About this Course

Effective Data Science is still a work-in-progress. This chapter is largely complete and just needs final proof reading.

If you would like to contribute to the development of EDS, you may do so at https://github.com/zakvarty/data_science_notes.

Course Description

Model building and evaluation are are necessary but not sufficient skills for the effective practice of data science. In this module you will develop the technical and personal skills that are required to work successfully as a data scientist within an organisation.


During this module you will critically explore how to:

  • effectively scope and manage a data science project;
  • work openly and reproducibly;
  • efficiently acquire, manipulate, and present data;
  • interpret and explain your work for a variety of stakeholders;
  • ensure that your work can be put into production;
  • assess the ethical implications of your work as a data scientist.

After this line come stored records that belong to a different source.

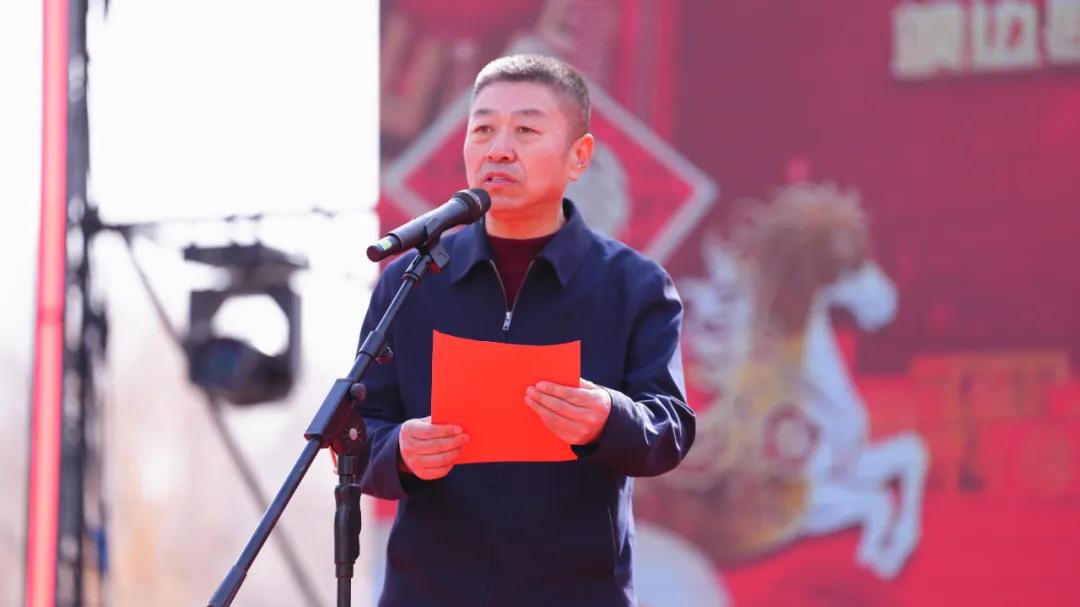 靖边县文旅局党组书记、局长石建斌介绍了本次春节文化系列活动相关情况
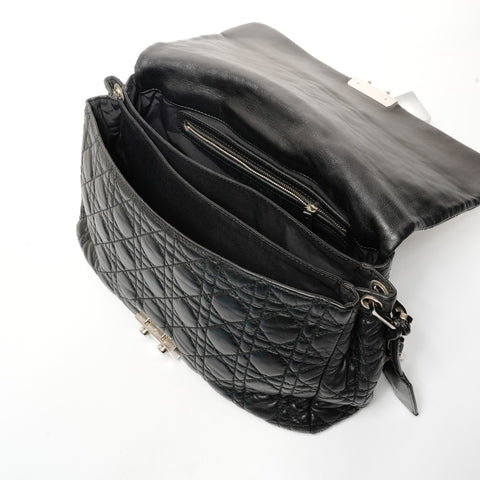 Christian Dior Cannage New Rock One Belt Shoulder Bag black WS25424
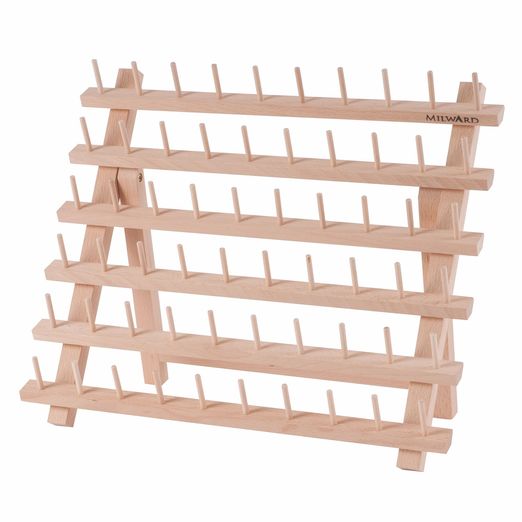 MILWARD Garnrollenhalter aus Holz für 60 Spulen MILWARD Garnrollenhalter aus Holz für 60 Spulen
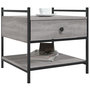 Voir la diapositive 3 : VIDAXL Table basse sonoma gris 50x50x50 cm bois d'ingenierie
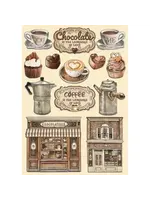 Stamperia Coffee and Chocolate Colored Wooden Shape A5 (KLSP150)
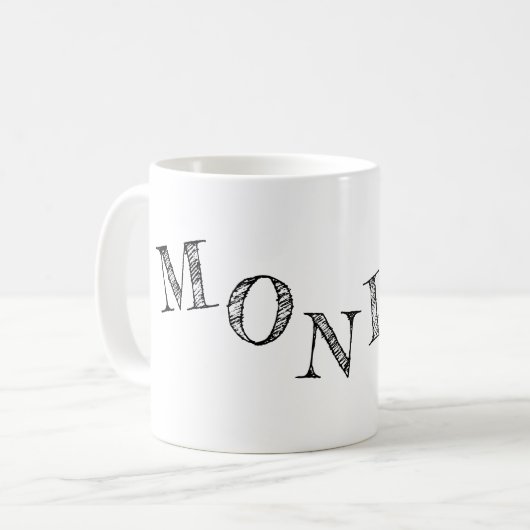 letters of jouw naam cool koffiemok (Voorkant links)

This interdisciplinary course will draw from fields including statistics, computing, management science and data ethics. Each topic will be investigated through a selection of lecture videos, conference presentations and academic papers, hands-on lab exercises, and readings on industry best-practices from recognised professional bodies.


These notes are intended for students on the course MATH70076: Data Science in the academic year 2022/23.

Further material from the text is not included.